As of February 2007 Intel started integrating their own Matrix RAID controller in their more upmarket motherboards, giving control over 4 devices and an additional 2 SATA connectors, and totalling 6 SATA connections (3 Gbit/s each). For backward compatibility one IDE connector able to connect 2 ATA devices (100 Mbit/s) is also present.

=== History ===
While hardware RAID controllers have been available for a long time, they initially required expensive Parallel SCSI hard drives and aimed at the server and high-end computing market. SCSI technology advantages include allowing up to 15 devices on one bus, independent data transfers, hot-swapping, much higher MTBF.

Around 1997, with the introduction of ATAPI-4 (and thus Ultra-DMA-Mode, which enabled fast data transfers with less CPU utilization) the first ATA RAID controllers were introduced as PCI expansion cards. Those RAID systems made their way to the consumer market, for users wanting the fault-tolerance of RAID without investing in expensive SCSI drives.

Fast consumer drives make it possible to build RAID systems at lower cost than with SCSI, but most ATA RAID controllers lack a dedicated buffer or high-performance XOR hardware for parity calculation. As a result, ATA RAID performs relatively poorly compared to most SCSI RAID controllers. Additionally, data safety suffers if there is no battery backup to finish writes interrupted by a power outage.

==OS support==
Because the hardware RAID controllers present assembled RAID volumes, operating systems aren't strictly required to implement the complete configuration and assembly for each controller. Very often only the basic features are implemented in the open-source software driver, with extended features being provided through binary blobs directly by the hardware manufacturer.

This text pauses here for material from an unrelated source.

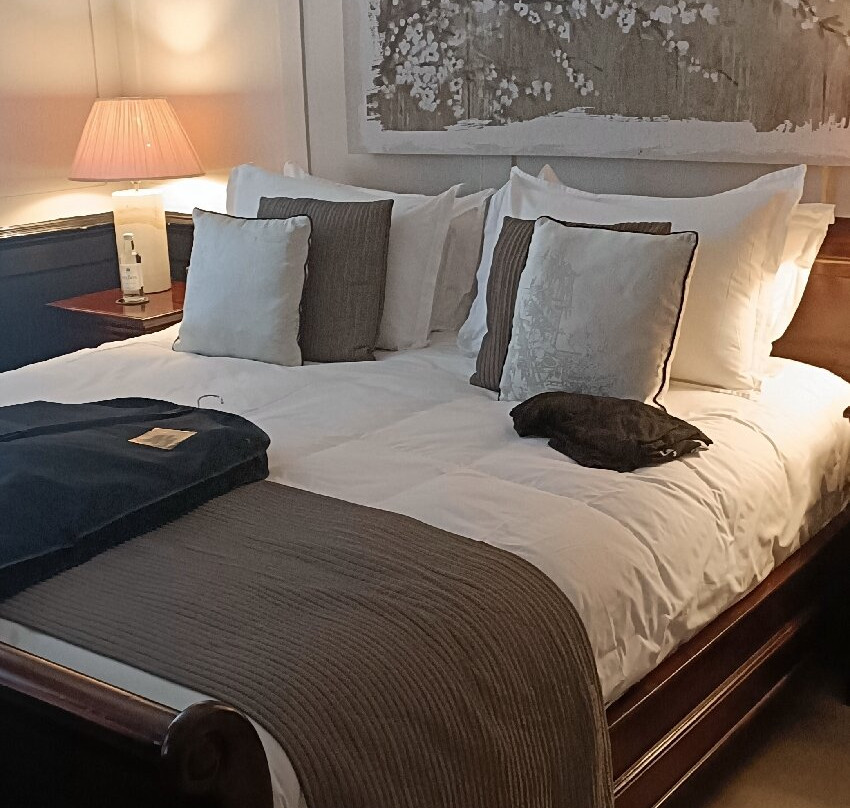 Quob Park 'The Old House Hotel'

Normally, RAID controllers can be fully configured through card BIOS before an operating system is booted, and after the operating system is booted, proprietary configuration utilities are available from the manufacturer of each controller, because the exact feature set of each controller may be specific to each manufacturer and product.
Unlike the network interface controllers for Ethernet, which can be usually be configured and serviced entirely through the common operating system paradigms like ifconfig in Unix, without a need for any third-party tools, each manufacturer of each RAID controller usually provides their own proprietary software tooling for each operating system that they deem to support, ensuring a vendor lock-in, and contributing to reliability issues.

For example, in FreeBSD, in order to access the configuration of Adaptec RAID controllers, users are required to enable Linux compatibility layer, and use the Linux tooling from Adaptec, potentially compromising the stability, reliability and security of their setup, especially when taking the long term view in mind. However, this greatly depends on the controller, and whether appropriate hardware documentation is available in order to write a driver, and some controllers do have open-source versions of their configuration utilities, for example, mfiutil and mptutil is available for FreeBSD since FreeBSD 8.0 (2009), as well as mpsutil/mprutil since 2015, each supporting only their respective device drivers, this latter fact contributing to code bloat.

Some other operating systems have implemented their own generic frameworks for interfacing with any RAID controller, and provide tools for monitoring RAID volume status, as well as facilitation of drive identification through LED blinking, alarm management, hot spare disk designations and data scrubbing § RAID from within the operating system without having to reboot into card BIOS. For example, this was the approach taken by OpenBSD in 2005 with its bio(4) pseudo-device driver and the bioctl utility, which provide volume status, and allow LED/alarm/hotspare control, as well as the sensors (including the drive sensor) for health monitoring; this approach has subsequently been adopted and extended by NetBSD in 2007 as well.

With bioctl, the feature set is intentionally kept to a minimum, so that each controller can be supported by the tool in the same way; the initial configuration of the controller is meant to be performed through card BIOS, but after the initial configuration, all day-to-day monitoring and repair should be possible with unified and generic tools, which is what bioctl is set to accomplish.